I wonder if R8 is used in the current ARM version?  There's no reason
we can't cherry pick parts such as the serial I/O out into a library
and make the app completely self contained.  Skip all of the
initialisation stuff and assume the boot loader has done it for you.

> * Turn on / off speculative prefetching - I believe the kernel does
> this already for a few boards, but could this be done in u-boot just
> before it launches a test application ?
>
> * Turn on the VFP and Neon units.
>
> * Turn on unaligned access so that unaligned accesses are allowed in
> the test applications.
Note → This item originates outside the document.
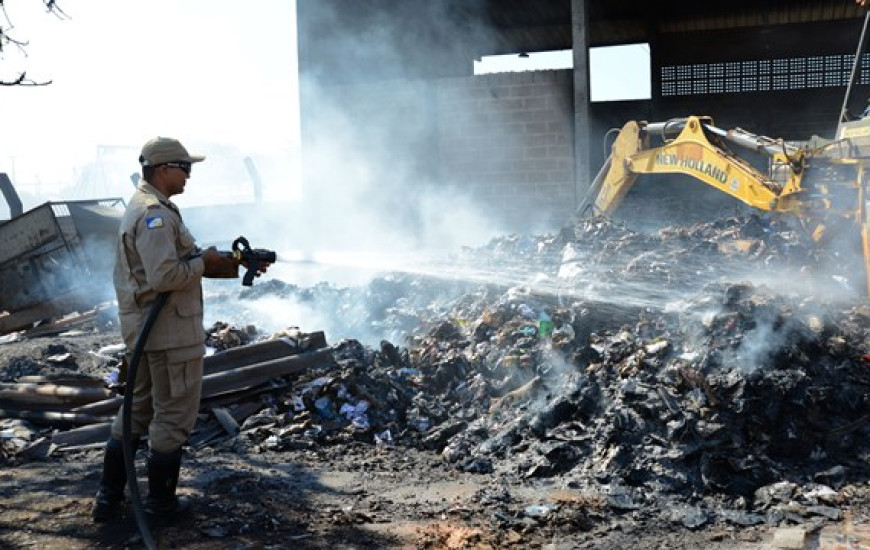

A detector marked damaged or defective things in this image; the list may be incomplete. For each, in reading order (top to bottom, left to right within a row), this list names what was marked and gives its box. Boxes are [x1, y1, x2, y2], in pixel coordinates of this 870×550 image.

burnt debris pile [1, 213, 870, 528]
GCC will now move towards generating unaligned
> accesses on versions of the architecture that support it, the patches
> upstream have now been approved.
>
> * Memory map / linker scripts to make sure we are putting things in
> the right places (sigh, has to be per-board).

But everything goes in RAM so you have one generic linker script and a
per board MEMORY definition.  Similar to:
 
http://bazaar.launchpad.net/~stm32f-dev/stm32f-dev/stm32f-startup/view/head:/src/stm32f103xb.ld

...but even lighter.

> We then write a set of library functions that could then look at what
> performance counters are of interest to us and track them by resetting
> them to 0 and making sure they haven't overflown.
>
> Has anyone else in the group played with u-boot before or has any
> thoughts in this direction ? I am not suggesting that we do this work
> right now but it sounds like an interesting thought of where we can
> get to with this.

My worry is that we miss turning on a feature and get results that
aren't representative.  That should be easy enough to check by
baselineing against a Linux hosted run.

We can use NFS or kermit to load the programs.  u-boot has a network
console which is nice when you don't have serial.  This combined with
an expect script (or LAVA?  Paul?) should automate the whole process.